Journalist Martin Vogl in the capital, Bamako, says it is a really serious setback for the government, as the town has a large military base.

He says that while the military had said it seized power to help fight off the rebels, in fact, since the takeover, military officers have been more concerned with the situation in Bamako, worrying about relations with the international community and forming a government, than the fighting in the north.

A fighter from the National Movement for the Liberation of Azawad (MNLA) told BBC Afrique: "[Kidal] is totally controlled [by us], there is no more resistance, all army positions have fallen."

Azawad is the Tuareg name for their home region in the Sahara Desert - Tuaregs have launched several rebellions over the years, complaining that the government based in far-off Bamako was ignoring them.

The army said it had withdrawn from the town.

At the scene

Kidal is a very important strategic location - this is a big victory for the rebels, even though the picture in the north is becoming confused as the rebels split into different factions.

Kidal is the first regional capital to come under their control, and has a big military base. It is also much bigger than any other city, with a population of around 40,000.

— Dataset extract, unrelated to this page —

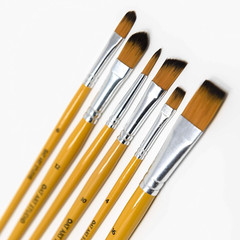 Set of 6 Painting Brush Set, Mixed Sizes, Wooden Glossy Pen, Professional Design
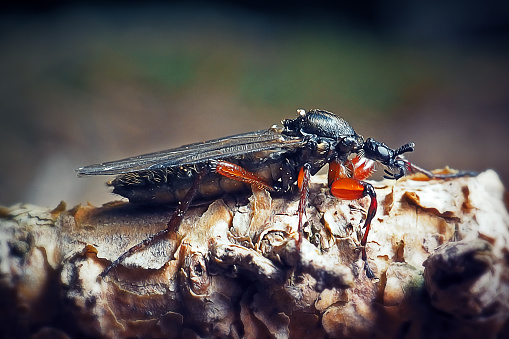 Bibio pomonae Female Bibionidae Insect. Digitally Enhanced Photograph.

The coup leaders' actions in bringing down the government has bought renewed instability, with Tuareg rebel leaders openly saying that they will take advantage of the chaos. This seems to have led to a serious setback for the Malian army.

"To preserve the life of the people of Kidal, the military command decided not to prolong the battle," said a statement from the junta, according to the Reuters news agency.

The latest insurgency was launched last year after Tuareg fighters returned from Libya where many had supported the late Libyan leader Muammar Gaddafi.

But the rebels have split into two factions, with some calling for the imposition of Sharia law.

Queues at banks

Capt Sanogo told journalists in Bamako that the situation was "critical" but did not mention Kidal directly.

"Our army needs the help of Mali's friends to save the civilian population and Mali's territorial integrity," he said.

He repeated promises to hold free elections but said nothing about leaving power, as demanded by Ecowas.

The president of the commission of Ecowas, Kadre Desire Ouedraogo, told reporters on Thursday that if the 72-hour deadline was not met, all the 15 countries of the bloc would deny Mali access to their ports, and there would be no transfers to commercial banks in Mali from the regional central bank, based in Senegal.

Mali is one of eight West African countries which use a common currency - the CFA franc.

A delegation of West African leaders met on Thursday in Ivory Coast, after earlier plans for talks with Mali's military leaders were abandoned as coup supporters occupied the airport's runway.

The BBC's John James in Ivory Coast says it is difficult to see how the regime in poor, landlocked Mali could cope if these sanctions were imposed.

He says the financial isolation of the government of then Ivory Coast President Laurent Gbagbo played a key role in weakening his grip on power last year - and he was in a far stronger position than coup leader Capt Sanogo.

There have been long queues of people waiting to withdraw money in Mali's banks all week. One bank will only allow people to withdraw the equivalent of about $1,000 each.

Martin Vogl says many Malians are upset that after 20 years of democracy, the army is once more in charge but there was also growing disillusionment with the ousted government and some feel Ecowas is pushing too hard.

The coup leaders have unveiled a new constitution as well as announcing elections in which those who took part in the coup would be barred from standing. However, no date has yet been set.

Under the new constitution, a transitional committee composed of 26 members of the security forces and 15 civilians would take power.

President Amadou Toumani Toure said on Wednesday that he remained in the country, free and in good health.